25. The Seeds of a Sexist Joke
Susanna Salter had long been a low-key pioneer. When she was twenty years old, she attended the predecessor of today’s Kansas State University. Unfortunately, because of ill health, she was forced to drop out just a few weeks before graduation. While she pursued her higher education, Salter met her future husband. After they got married in 1880, the couple moved to Argonia and started a family. Susanna became active in her local Women’s Christian Temperance Union (WCTU) – an anti-alcohol organization that advocated prohibition. Temperance organizations generated many enemies, especially among those who profited from alcohol. When women got the right to vote in Kansas municipal elections in 1887, the WCTU made enforcement of the state’s Prohibition law its main issue and backed a slate of like-minded (male) candidates.
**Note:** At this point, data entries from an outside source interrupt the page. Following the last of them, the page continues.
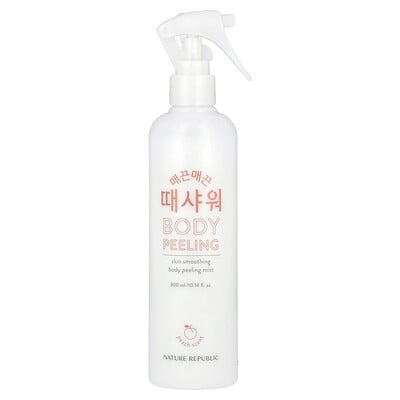 Skin Smoothing Body Peeling Mist, Peach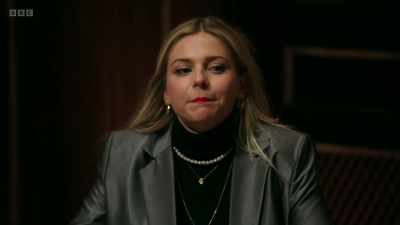 Stephenie was someone that
I was so, so questionable of. - The Traitors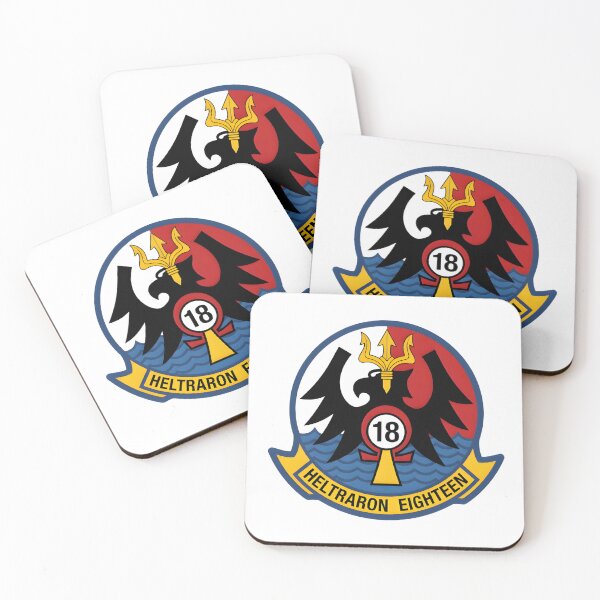 Item preview, Helfron Eighteen Squadron Emblem designed and sold by CharlieDesings.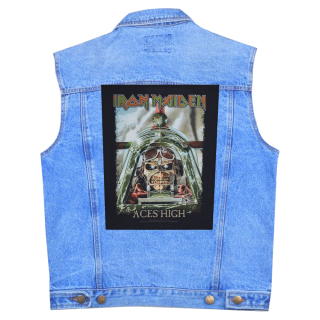 Iron Maiden "Aces High" Back Patch (olbp-011)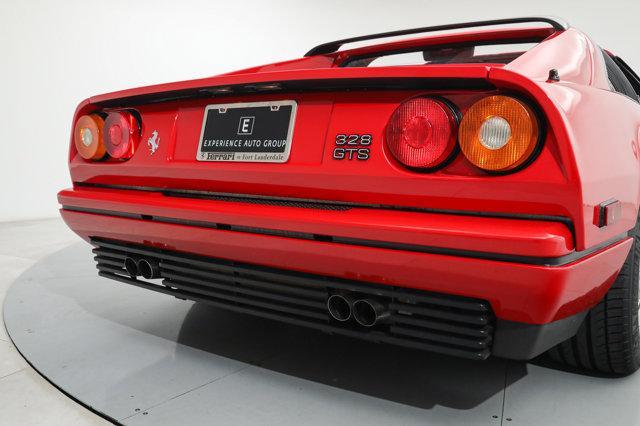 used 1989 Ferrari 328 car, priced at $299,900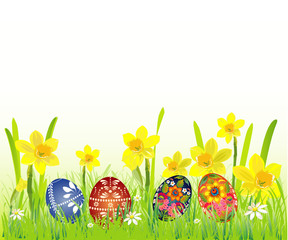 Wall Mural - Easter Decoration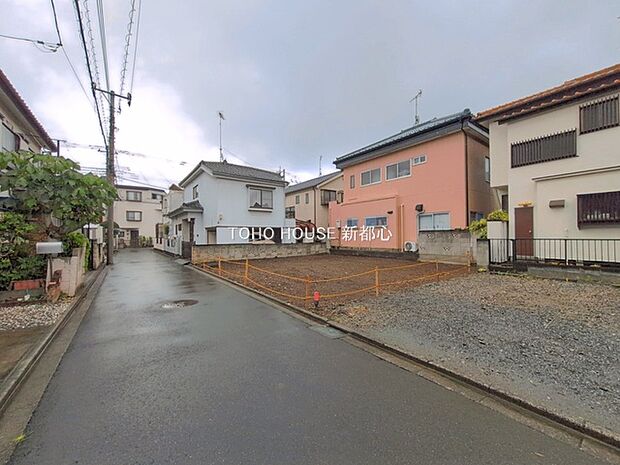 前面道路含む現地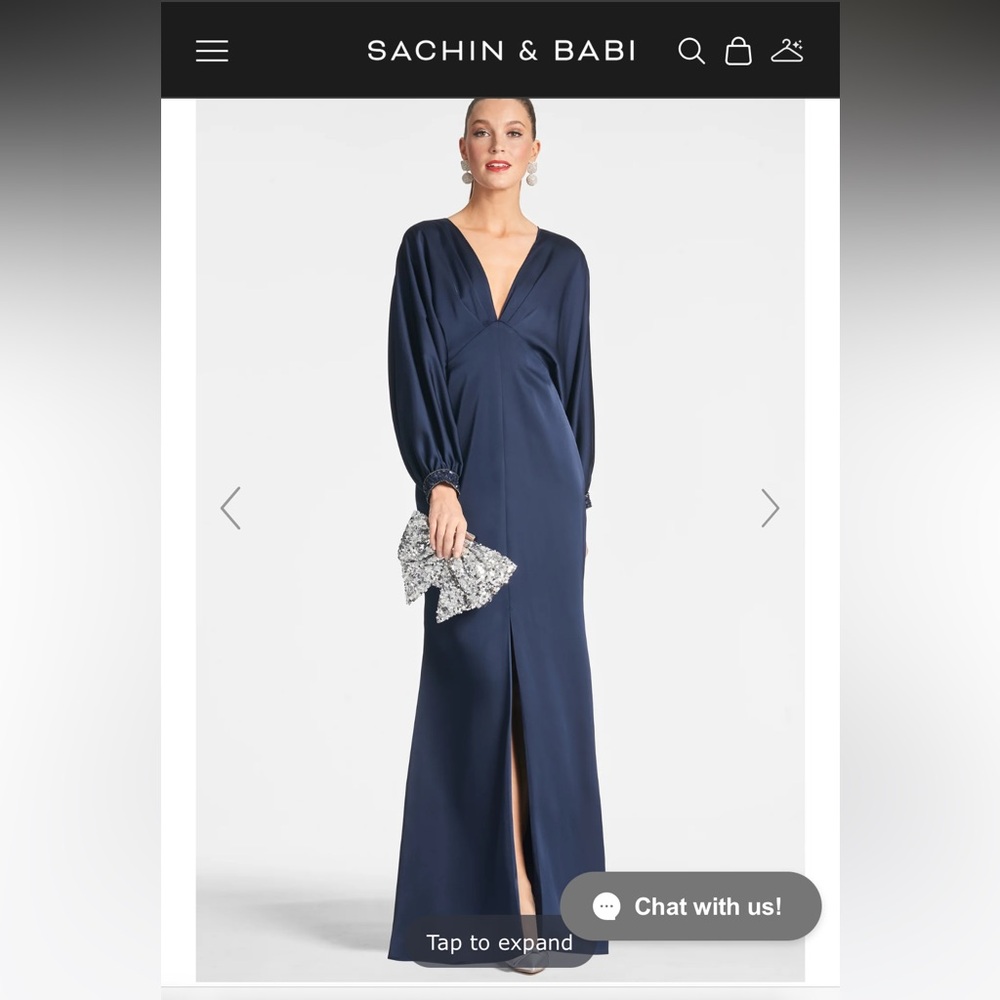 Sachin & Babi Maia Gown - 14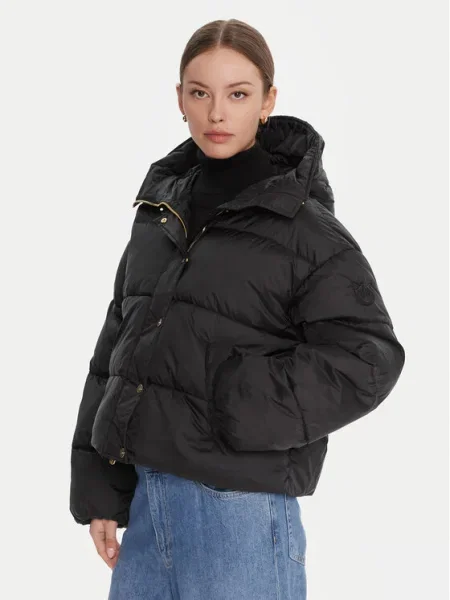 PINKO Дамско яке Imparso Imbottito черен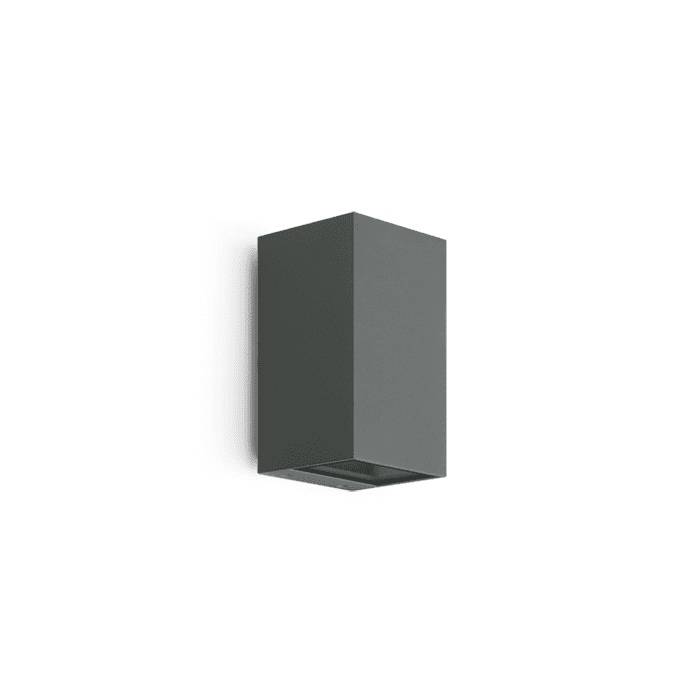 Lombardo TREND 60 LED 3000k 3W- Mono Emissione - Diffusore diffuso - outdoor - antracite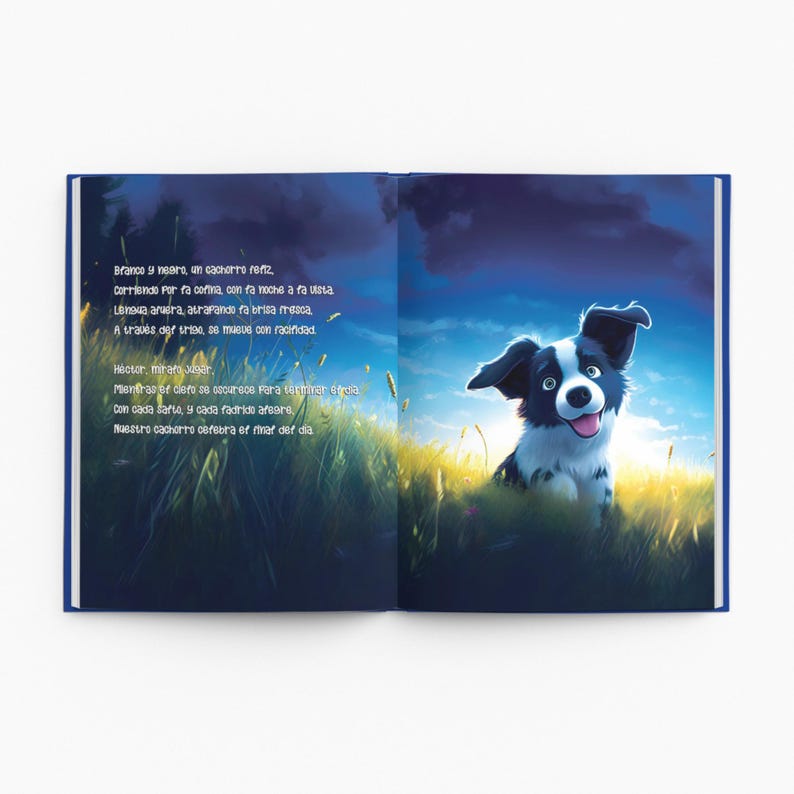 Regalo para Bebé, Personalized Farm Animals Book in Spanish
The WCTU’s efforts to get women to exercise their newly-won right to vote displeased some men. A group of about twenty guys from Argonia were particularly upset by both women’s involvement in politics, and by the WCTU’s pro prohibition stance. So they decided to kill two birds with one stone: get a good laugh, and discourage women from political participation. There was no legal requirement to secure candidates’ consent before their names were placed on the ballots. So just before Argonia’s 1887 municipal elections, they prepared a slate of candidates comprised of WCTU members, and Susana Salter’s name headed the list as candidate for mayor.